Entries shown below:

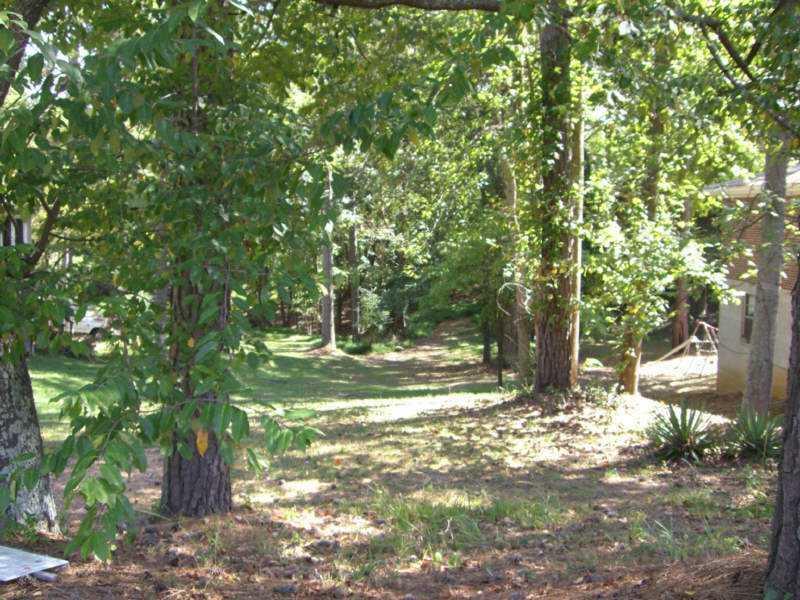 4590 Bakers Ferry Road Southwest Atlanta, GA 30331 - Photo 1 of 1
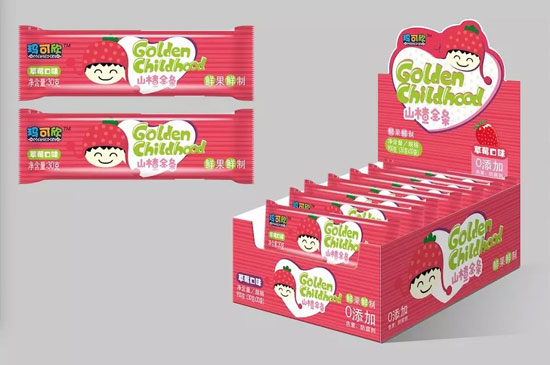 ��������ݮζɽ髽�l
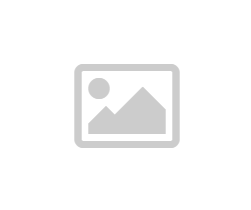 尊龙凯时最新活动：用户分享会精彩回顾与深度分析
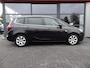 Opel Zafira Tourer 1.4 Cosmo 7p. | TREKHAAK | LMV | CRUISE |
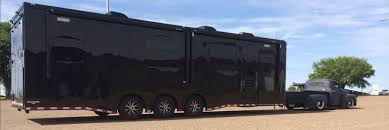 Find what you need to get the job done on. Home Custom Trailer Sales In Oklahoma City Ok Shop Best Utility Cargo Dump Racing Equipment Gooseneck Deck Over And Motorcycle Trailers For Sale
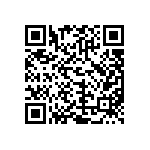 GRM1885C1H5R6DZ01D QRCode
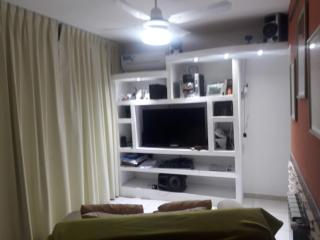 Departamento Entre Rios - Villa Carlos Paz - 8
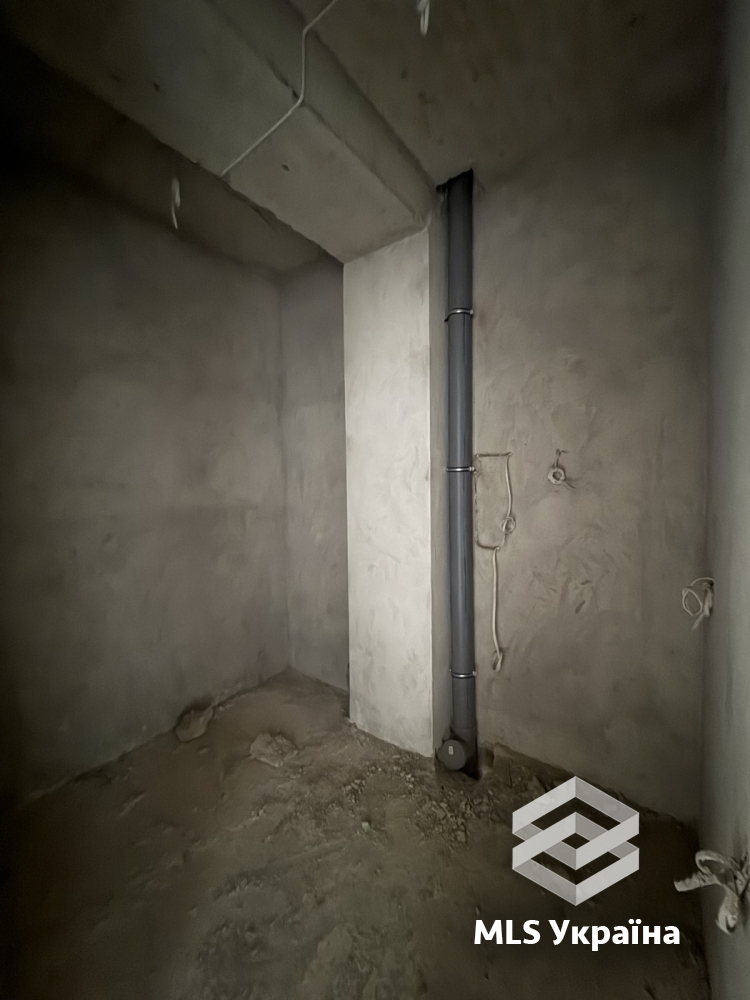 1-кімнатна квартира за адресою вул. Головна (площа 75 м²) - Atlanta.ua - фото 11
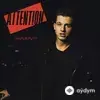 Charlie Puth - Attention
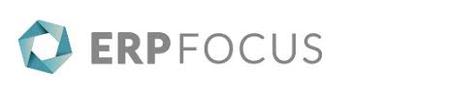 ERP Focus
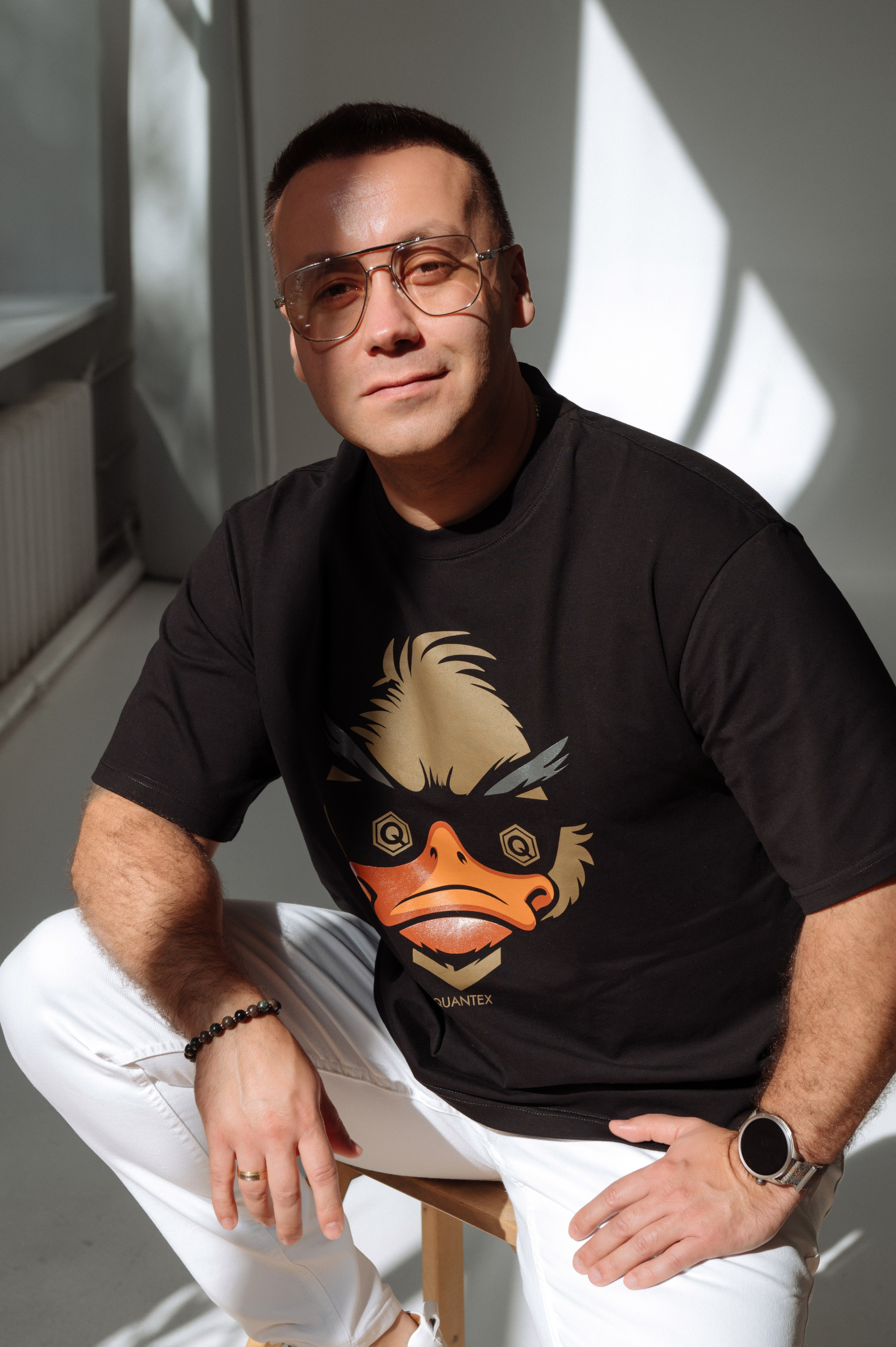 Ден. Свадебный, портретный, фотограф беременности в Нижнем Новгороде Алина Зиновьева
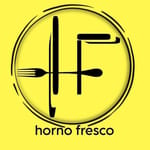 Horno Fresco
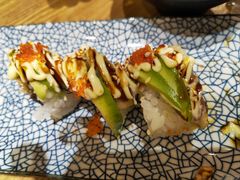 -赤稻·日式料理(禅城店)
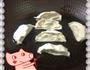 锅贴还是煎饺的做法图解1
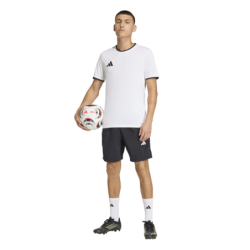 Jersey de fútbol adidas Entrada para hombre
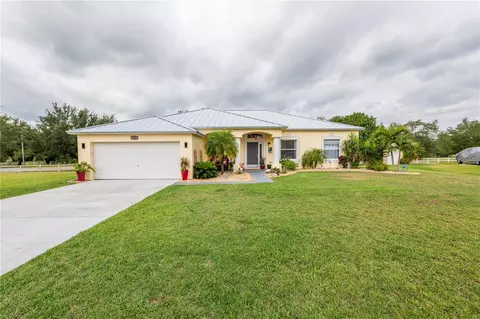 210 Towhee Rd, Winter Haven, FL 33881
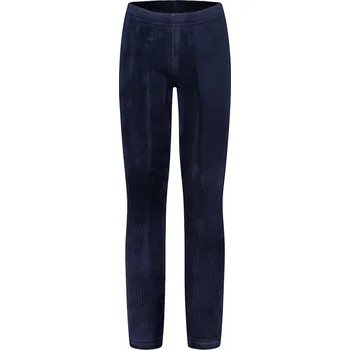 Dívčí legíny Topo Dunkelblau 3241752 146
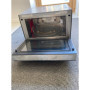 MICRO ONDES WHIRLPOOL MWP3391SB
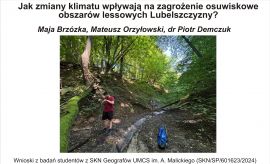 Aktualności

End of Entries shown.

[Problem statement]
Repeat exactly the lines above, beginning at the one containing "Opel Zafira Tourer" and ending at the one containing "锅贴还是煎饺的做法图解1". Do not carry over any pictures.

[Task output]
 Opel Zafira Tourer 1.4 Cosmo 7p. | TREKHAAK | LMV | CRUISE |
 Find what you need to get the job done on. Home Custom Trailer Sales In Oklahoma City Ok Shop Best Utility Cargo Dump Racing Equipment Gooseneck Deck Over And Motorcycle Trailers For Sale
 GRM1885C1H5R6DZ01D QRCode
 Departamento Entre Rios - Villa Carlos Paz - 8
 1-кімнатна квартира за адресою вул. Головна (площа 75 м²) - Atlanta.ua - фото 11
 Charlie Puth - Attention
 ERP Focus
 Ден. Свадебный, портретный, фотограф беременности в Нижнем Новгороде Алина Зиновьева
 Horno Fresco
 -赤稻·日式料理(禅城店)
 锅贴还是煎饺的做法图解1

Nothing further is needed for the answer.